ウィーン旅行記 - ウィーン国際空港へ
- 帰国の日、初めて雨に降られた。空港へ向かうために、ウィーン市内のホテル(K+Kマリア・テレジア)でタクシーを呼んでもらう。ホテルに現れたのは細身の気の良さそうな、少々気弱そうにも見える若いドライバーだった。
- ドライバーは、ふんっと鼻を鳴らしつつスーツケースをトランクに運び入れてくれた。空港までは約20km。タクシーメーターは回さないんだなーと思いつつ、車は走る。
- 30分後、空港に着いた。いくら?と訊ねるとドライバー君は3秒ほど間を置いて後、「42ユーロ」と答えた。
- ガイドブックには40ユーロ前後が目安と書いてあったので妥当な水準である。チップを加えて46ユーロを手渡した。ドライバー君はお釣りを渡そうと小銭袋を開くので、お釣りは取っておいて、と伝えたところ、「ダンケ!」と満面の笑みで応えた。もしかして42ユーロはチップを加えた金額だったのだろうか?しかし、きちんと送り届けてくれたし、感じも良かったのでまったく問題はない。
ウィーン旅行記 - 国立オペラ座
オペラ座の外観。夜はライトアップされる。
- 国立オペラ座でバレエ「ドン・キホーテ」を観劇。せっかくだからと一階席を予約した。一人92ユーロ。

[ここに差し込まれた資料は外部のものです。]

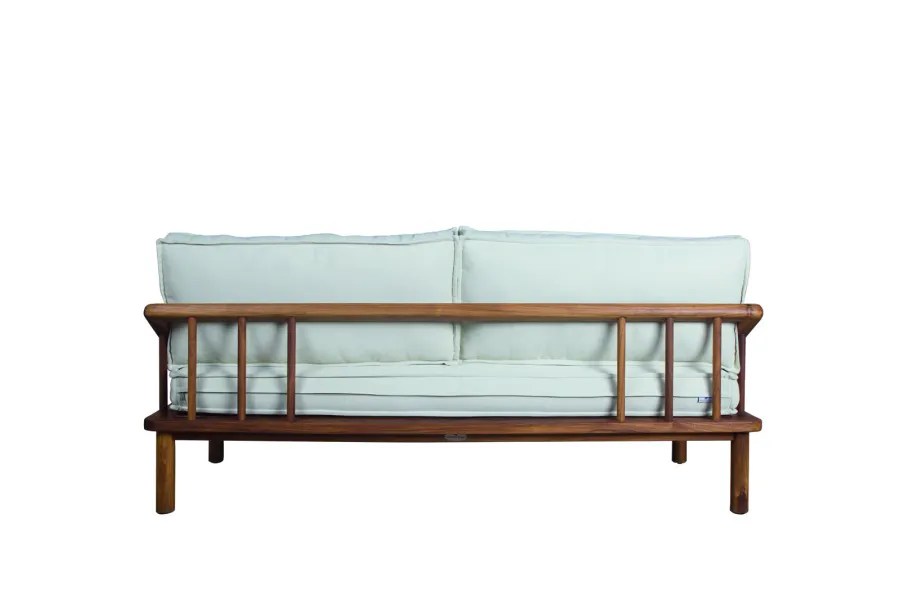 obrazek 4 Stylowa trzyosobowa sofa Ring wykonana z drewna tekowego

- バレエは初めて観る。初の観劇がウィーンの国立オペラ座なのだからぜいたくな話ではある。
- この日のためだけにジャケットとネクタイを持参した。
オペラ座内部。いちいち画になる造り。
- 19時開演の演目だったが開場は18時過ぎであった。早く着き過ぎて30分ほど門前で待った。

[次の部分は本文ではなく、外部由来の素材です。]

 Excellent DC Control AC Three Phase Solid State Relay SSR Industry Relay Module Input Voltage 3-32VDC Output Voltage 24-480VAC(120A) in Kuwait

- バレエをやっているらしき母娘が僕たちの前に並んでいて(花束を手にしているあたり、出演者の関係者だろう)、入場後は娘さんが良い席に座ってお母さんは立ち見席にいた。だから早目に来て並んでいたのだと思う。立ち見席の真ん中最前列に陣取っていた。
三階まで吹き抜け。館内に控えている案内係の人たちが親切であった。
- 館内でひとりの日本人紳士と知り合う。楽友会で二度、オペラ座で一度、すでに観たという。オペラ座のガイドツアーはお薦めだとのこと。作曲家の彫像のあるフロアがすばらしいのだと案内してくれた。ウィーンまでひとり旅し、音楽漬けの日々を送っている初老の人。英語は苦手といっていた。今夜の席は5月に予約したのだとか。観劇してスイーツを食べて、楽しそうだ。良い生き方をしているひとだと思った。

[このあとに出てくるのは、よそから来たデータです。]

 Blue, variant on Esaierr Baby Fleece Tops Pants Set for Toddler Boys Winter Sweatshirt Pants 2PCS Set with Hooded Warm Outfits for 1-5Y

舞台すぐ横の席は舞台が見えなかったりする。なぜそんな造りなのか。
- 上演中は撮影禁止。幕間やカーテンコールのときは撮影可(らしい)。上演時間も終わりが近くなった頃、左前方の席の客がスマホを掲げて舞台を撮影している。何度もそうやって撮影している。マナー違反であろうし、後ろの観客はたまったものではなかろうと思う。おそらく日本人ではないだろうがアジア人ではなかろうか。同じアジア人として恥ずかしい、と思ったのだが、よく見れば欧米人の中年女性であった。アジアの同胞をわずかなりとも疑ってしまって申し訳ない。
幕間にワインが飲める。高くはない。
- 21時45分終演。タクシーを捕まえるべきかと悩んだが、他の観客たちの流れに乗って、歩いて帰った。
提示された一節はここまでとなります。